Так совершается падение, так мы оказываемся в объятьях самого страшного «изма», в просторечье именуемого дьяволом, и если бы не крепкая рука красноармейца, схватившего тонувшего отчаявшегося головастика за шиворот, встряхнувшего его, вернувшего к жизни, никто и никогда больше не услышал бы о таком удивительном вундермане, как Вольф Мессинг.
Красноармейский лекарь осмотрел меня. Политрук успокоил. Этот военный с тремя квадратами на петлицах вместо того, чтобы потребовать у меня слипшиеся документы, которые я с готовностью держал в руке, сказал просто.
— Держись, товарищ.
Я зарыдал.
Мессинга накормили горячей кашей — как сейчас помню, пшенной с салом. Я ел кашу и рыдал. Затем, словно просыпаясь, огляделся вокруг. От трубы полевой кухни тянуло необыкновенно ароматным дымком — там, по-видимому, пекли картошку.
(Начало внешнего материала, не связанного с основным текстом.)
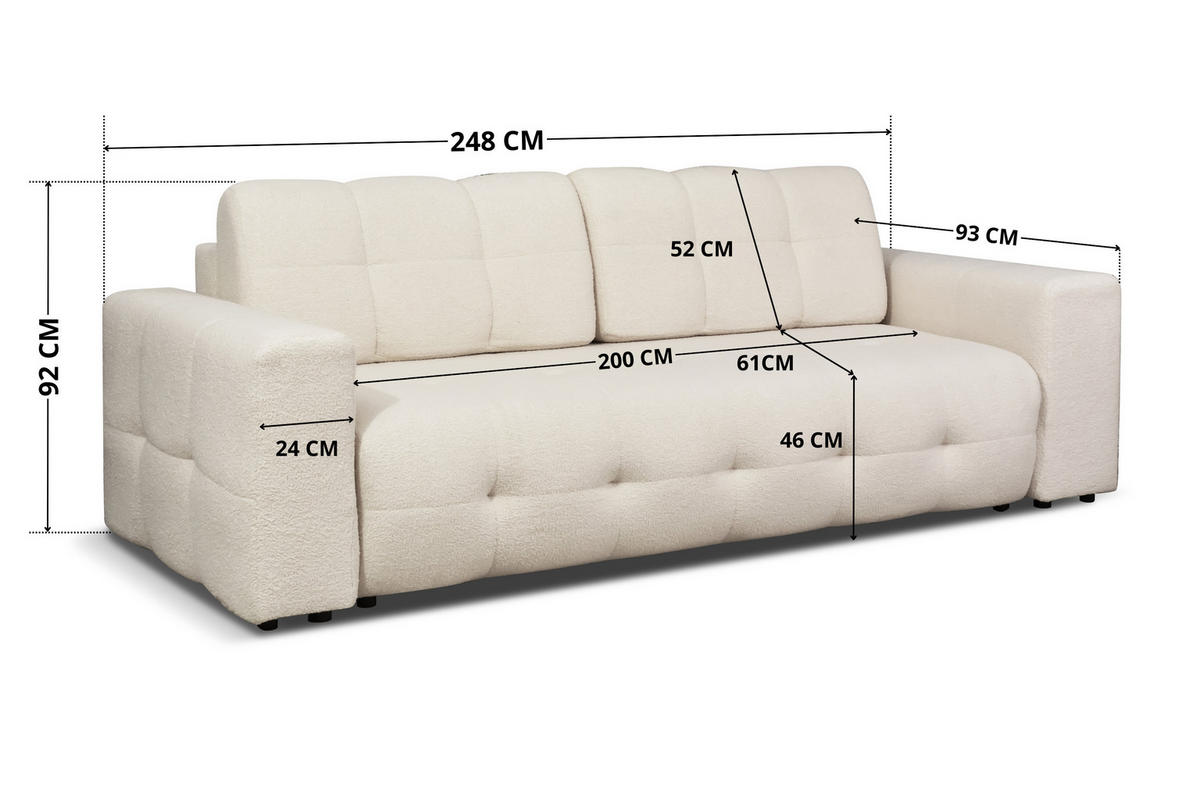 SCHLAFSOFA Avi Bouclé Creme - Bettkasten - 248x92x93 cm - Ecru, Holz/Holzwerkstoff (248/92/93cm) - Ravio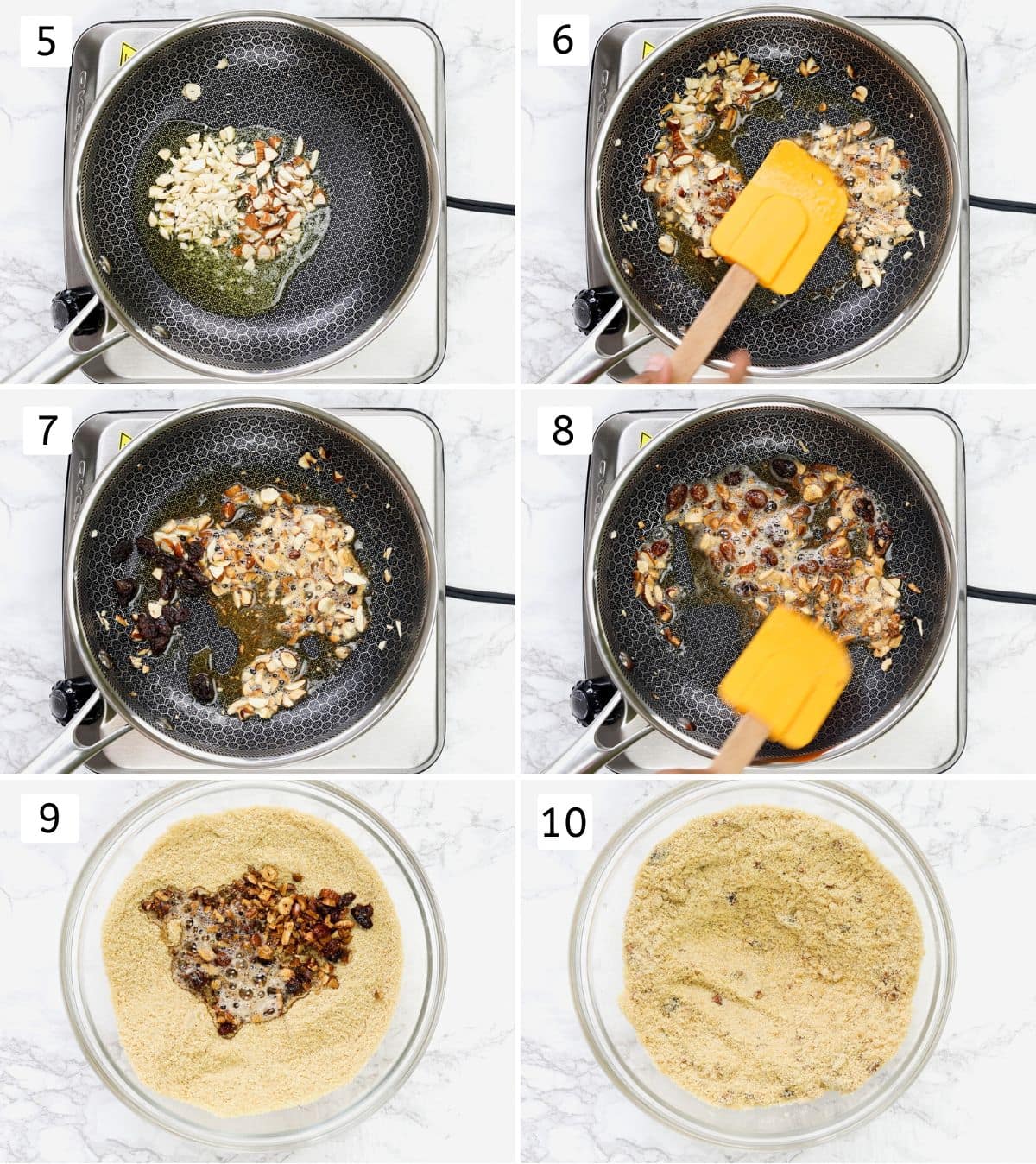 Collage of 6 images showing frying nuts, raisins and adding to churma mixture.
Когда дождь прекратился и выглянуло солнце, меня угостили печеной картошкой. Солнце, как и предсказывал мой лучший друг Гюнтер Шуббель, светило с восточной стороны, и пока я добирался до Бреста — шел пешком, просыхая и радуясь жизни, — дар в полном объеме вернулся ко мне и подсказал — ты сделал правильный выбор, Вольф. Чтобы ни случилось, держись его.
А случалось в те дни всякое. Случалось много такого, что могло ввергнуть в отчаяние и не такого незаурядного, прошедшего огонь и воды магика, каким был Вольф Мессинг, но и любого, не потерявшего дар разума человека.